Chapter 9: Profit Maximization Flashcards
Profit Maximization Problem
maximize p\cdot z subject to z\in Z.
Z*(p)
argmax{p\cdotz:z\in Z}
pi(p)
sup{p\cdot z:z\in Z}
Properties of the profit function? (2)
homogenous of degree 1 and convex.
When is Z*(p) convex for each p?
When Z is convex.
When is Z*(p) a singleton or empty?
If between any two points in Z, there exists some small perturbation between the two points that is also within the set.
RCP
For all z in Z, if {z_n} is a sequence that diverges to infinity (in norm), then eveyr accumulation point z_n/||z_n|| lies in R_{-}^k (may include zero).
Berge’s for Profit Maximization (Conditions?)
Z is closed, nonempty, RCP
Berge’s for Profit Maximization (Properties?)
Z*(p) is nonempty valued, locally bounded, and upper semi continuous.
\pi(p) is continuous.
Afriat’s Theorem (Condition)
No revealed choice results in higher profit.
Recovering Production Possibility
Convex combination of all points (and everything below by Free disposal).
Do Giffen Goods exist for Profit Maximizing firms?
No, since there is no income effect.
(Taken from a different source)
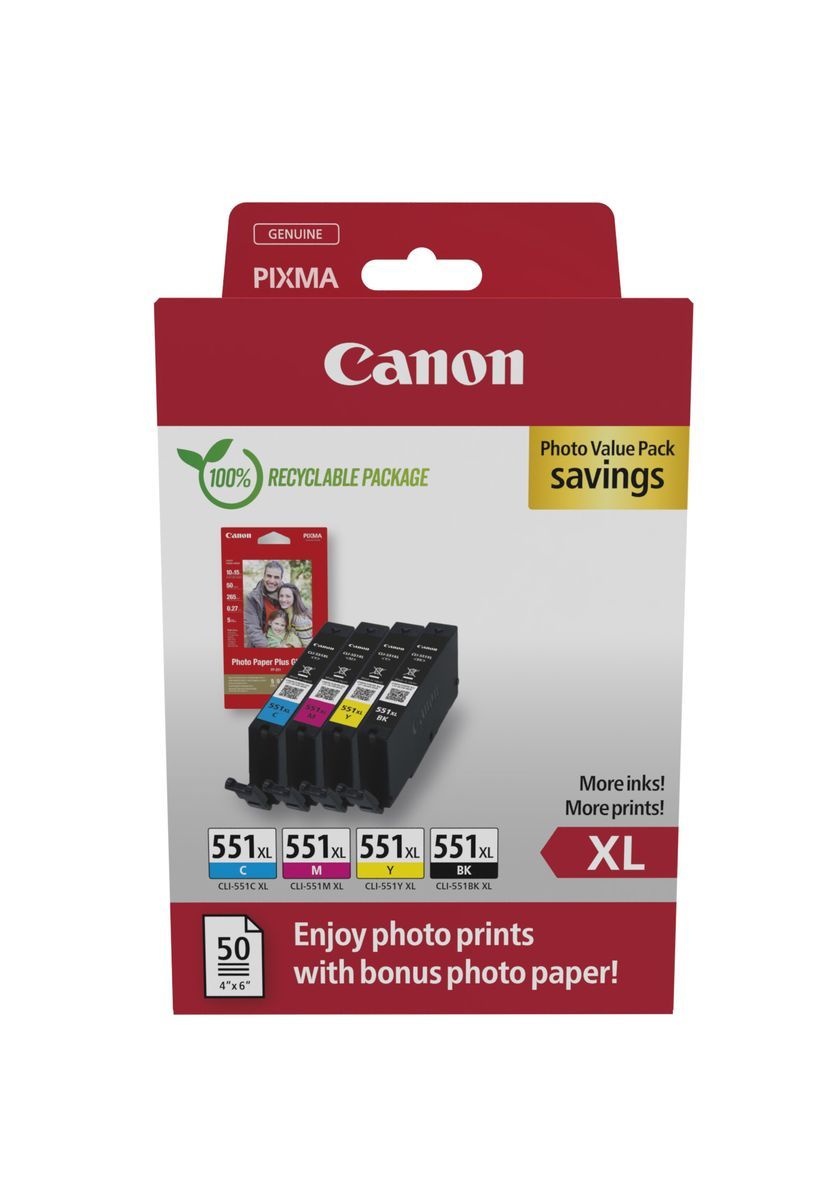 Canon 6443B008 cartuccia d'inchiostro 4 pz Originale Resa elevata (XL) Nero, Ciano, Magenta, Giallo [6443B008]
Strict increases in prices lead to weakly increasing income.
Good z_j will be weakly sold more in response.
Given a profit function, what is the production possibility set which is consistent?
Z*=\cap_p {z:p\cdot z\leq \pi(p)}
(takes all the possible productions which produce equal to or less profit than the profit function for each price, since it must be consistent with profit at every point p)
When do two sets have the same profit function?
If they have the same closure of the free disposal convex hull. The idea is that these replicate the same production capabilities.
What if closure of FDCH is different?
Profit function cannot be identical: that is, there exists some price vector for which they differ.